Not according to Ben Inker, director of asset allocation at contrarian fund company Grantham Mayo Van Otterloo & Co. In a recent and fascinating note (’Valuing Equities in an Economic Crisis, or How I Learned to Stop Worrying about the Economy and Love the Stock Market’), Mr. Inker persuasively argues that the next moves in the economy shouldn’t actually matter too much to investors at all.
Why? Two reasons.
First, because most of the value of shares really depends on the cash they will generate many years, even decades, ahead. The next few years are only a minuscule part of the equation. ’Since stocks do not have an expiration date and dividends grow over time,’ Mr. Inker argues, ’the duration of stocks is extremely long. If we assume that half of the return from stocks in a given year comes from the dividends and half from the growth in dividends, most of the value of stocks comes from cash flows in the distant future.’
How distant? Using Mr. Inker’s hypothesis, it turns out that about 75% of the value of shares is actually based on dividends that will be paid more than eleven years from now. Half the value is based on dividends to be paid after 25 years, and a quarter on those to be paid after about 50 years.
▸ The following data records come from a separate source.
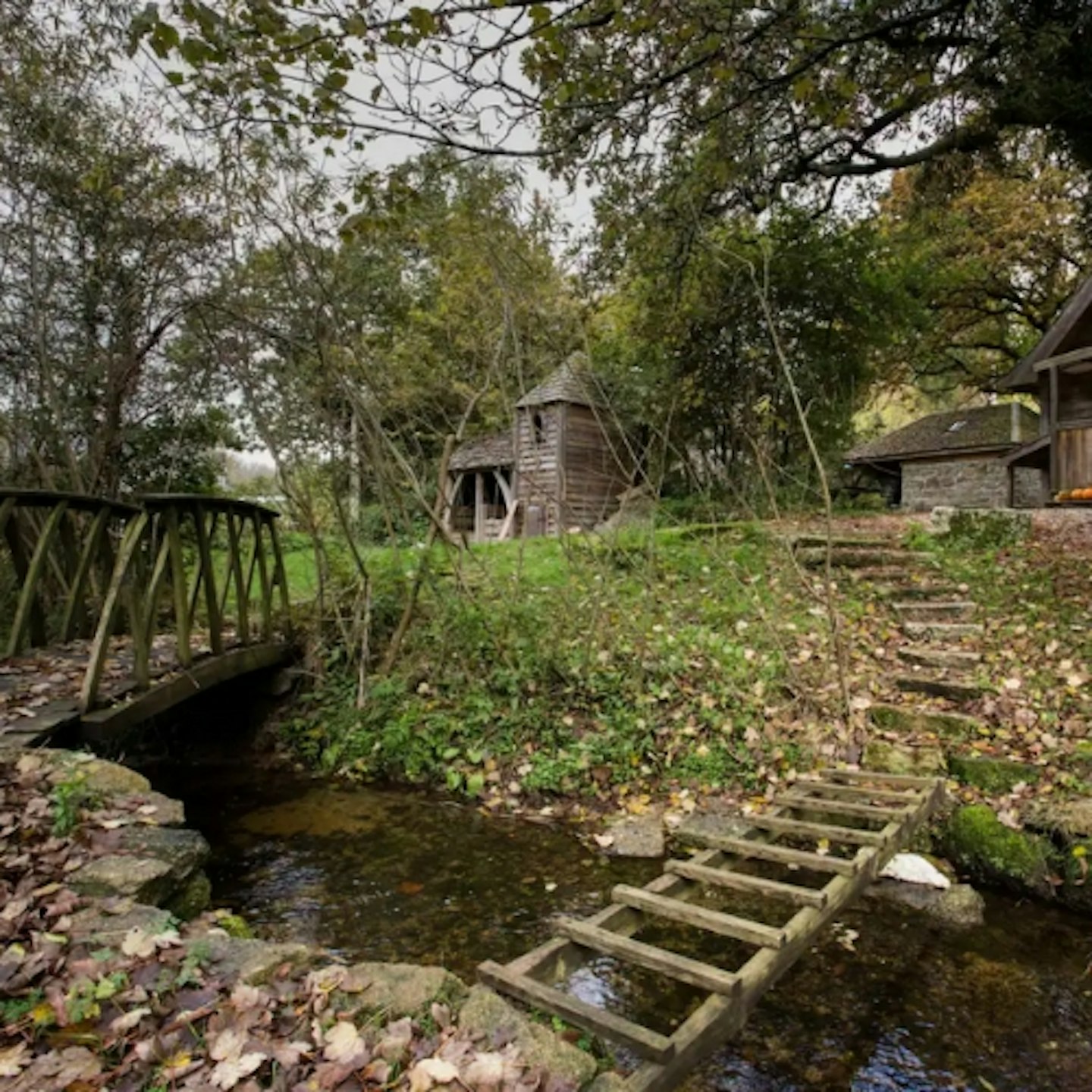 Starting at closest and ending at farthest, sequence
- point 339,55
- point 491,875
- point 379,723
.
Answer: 1. point 339,55
2. point 491,875
3. point 379,723

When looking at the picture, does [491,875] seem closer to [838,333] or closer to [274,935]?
[274,935]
In other words, when you look at the market today, three quarters of its true value is based on what companies will earn and pay out after 2020 and half is based on what they will do after 2034. So really, how much attention should you pay to next quarter’s earnings?
This is counterintuitive to most investors. Mr. Inker does not go into his math in detail, but some simple calculations may illustrate the point. Imagine, in a perfect world of smooth returns, you buy a $100 basket of shares today with a 7% earnings yield. They pay out half these annual earnings in dividends, and reinvest the rest to grow. In the first year you have a $100 investment earning $7 and paying $3.50 in dividends. In year two that’s grown to a $103.50 investment earning $7.25 and paying about $3.62 in dividends. And so it goes over time. After 10 years your investment has grown to $141 and the dividends are $4.94. By year 25 the investment is worth $236, and the dividends are $8.27. If you look out 100 years, your investment is worth a remarkable $3,119 and the dividends are $109, or more than the original purchase price.
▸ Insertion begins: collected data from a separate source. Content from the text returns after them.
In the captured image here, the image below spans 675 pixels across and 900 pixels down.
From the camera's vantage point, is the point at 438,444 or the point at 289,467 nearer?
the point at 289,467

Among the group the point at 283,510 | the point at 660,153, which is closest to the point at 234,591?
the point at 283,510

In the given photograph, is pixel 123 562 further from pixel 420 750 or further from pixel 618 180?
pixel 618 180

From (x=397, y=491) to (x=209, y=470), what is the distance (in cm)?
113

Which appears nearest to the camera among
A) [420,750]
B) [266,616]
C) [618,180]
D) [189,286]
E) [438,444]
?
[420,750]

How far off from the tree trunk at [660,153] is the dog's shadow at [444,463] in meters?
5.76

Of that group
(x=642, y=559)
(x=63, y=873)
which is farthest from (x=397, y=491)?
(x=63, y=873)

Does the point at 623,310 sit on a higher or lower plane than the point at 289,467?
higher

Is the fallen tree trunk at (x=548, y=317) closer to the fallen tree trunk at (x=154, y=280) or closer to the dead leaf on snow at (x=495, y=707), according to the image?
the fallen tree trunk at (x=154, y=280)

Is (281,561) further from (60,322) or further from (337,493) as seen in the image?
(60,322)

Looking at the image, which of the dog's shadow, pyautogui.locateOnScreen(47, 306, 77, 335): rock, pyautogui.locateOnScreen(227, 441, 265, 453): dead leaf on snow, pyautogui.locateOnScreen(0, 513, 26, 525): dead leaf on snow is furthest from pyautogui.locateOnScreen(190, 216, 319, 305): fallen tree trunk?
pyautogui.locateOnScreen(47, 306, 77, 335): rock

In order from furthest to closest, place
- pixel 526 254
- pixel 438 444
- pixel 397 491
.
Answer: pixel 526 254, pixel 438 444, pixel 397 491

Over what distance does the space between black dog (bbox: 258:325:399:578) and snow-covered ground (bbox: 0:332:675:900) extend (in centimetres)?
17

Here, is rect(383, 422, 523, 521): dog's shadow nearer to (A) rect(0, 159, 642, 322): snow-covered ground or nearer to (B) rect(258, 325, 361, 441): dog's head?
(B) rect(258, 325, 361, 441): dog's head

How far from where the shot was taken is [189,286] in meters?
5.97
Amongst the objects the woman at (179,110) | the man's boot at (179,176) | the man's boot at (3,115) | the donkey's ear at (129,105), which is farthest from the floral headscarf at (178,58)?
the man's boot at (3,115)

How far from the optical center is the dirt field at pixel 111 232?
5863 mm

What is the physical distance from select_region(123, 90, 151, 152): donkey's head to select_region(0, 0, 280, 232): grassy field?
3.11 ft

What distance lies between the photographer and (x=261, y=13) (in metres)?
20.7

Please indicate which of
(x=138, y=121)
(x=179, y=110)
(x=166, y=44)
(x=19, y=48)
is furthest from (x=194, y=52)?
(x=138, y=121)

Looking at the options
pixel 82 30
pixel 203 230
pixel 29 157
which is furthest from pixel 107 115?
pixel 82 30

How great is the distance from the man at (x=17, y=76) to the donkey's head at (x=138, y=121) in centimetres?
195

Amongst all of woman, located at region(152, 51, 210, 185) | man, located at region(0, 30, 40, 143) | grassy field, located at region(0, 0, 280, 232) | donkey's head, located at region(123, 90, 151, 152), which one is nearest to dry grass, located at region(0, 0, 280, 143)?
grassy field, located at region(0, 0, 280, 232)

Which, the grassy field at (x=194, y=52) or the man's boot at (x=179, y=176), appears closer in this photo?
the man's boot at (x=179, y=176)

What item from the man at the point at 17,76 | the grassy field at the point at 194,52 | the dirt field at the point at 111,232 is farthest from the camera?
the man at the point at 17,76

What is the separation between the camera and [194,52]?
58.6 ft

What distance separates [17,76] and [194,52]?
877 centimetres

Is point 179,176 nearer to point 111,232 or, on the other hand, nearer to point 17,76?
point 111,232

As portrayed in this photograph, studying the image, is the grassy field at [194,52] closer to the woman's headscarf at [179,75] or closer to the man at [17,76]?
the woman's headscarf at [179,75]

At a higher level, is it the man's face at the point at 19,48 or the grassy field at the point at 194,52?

You probably won’t hold on till then. (Your grandchildren might not, either.) But the value of that soaring income stream is built into the price we pay when we buy shares today for $100, and sell them 25 years from now for $236. Even after discounting future earnings -- a dollar next year is worth slightly less than this year, and so on -- these distant earnings form an incredibly large part of today’s value, simply because they are so large.
There is a second reason for not paying too much attention to the economy’s next move. No matter what happens next month or next year, sooner or later the economy will probably find its way back onto its long-term path anyway. If we now boom wildly, we’ll pay for it with weaker growth down the line. And if things are bad for a while, eventually they’ll pick up. That can be true even for devastating blows. GMO’s calculations show that by the late 1940s, Mr. Inker writes, the U.S. economy had returned to the long-term growth path ’as if the Depression had never happened.’ And that was even true by the late 1950s for West Germany after the devastation of the Second World War.
This sort of analysis is a useful antidote to stock market moods.
Wall Street is back on its happy pills again. At some point, maybe even soon, brokers may start urging us to pay too much for stocks on the basis of this year’s economic growth or next. Canny investors may respond: But what about 2034?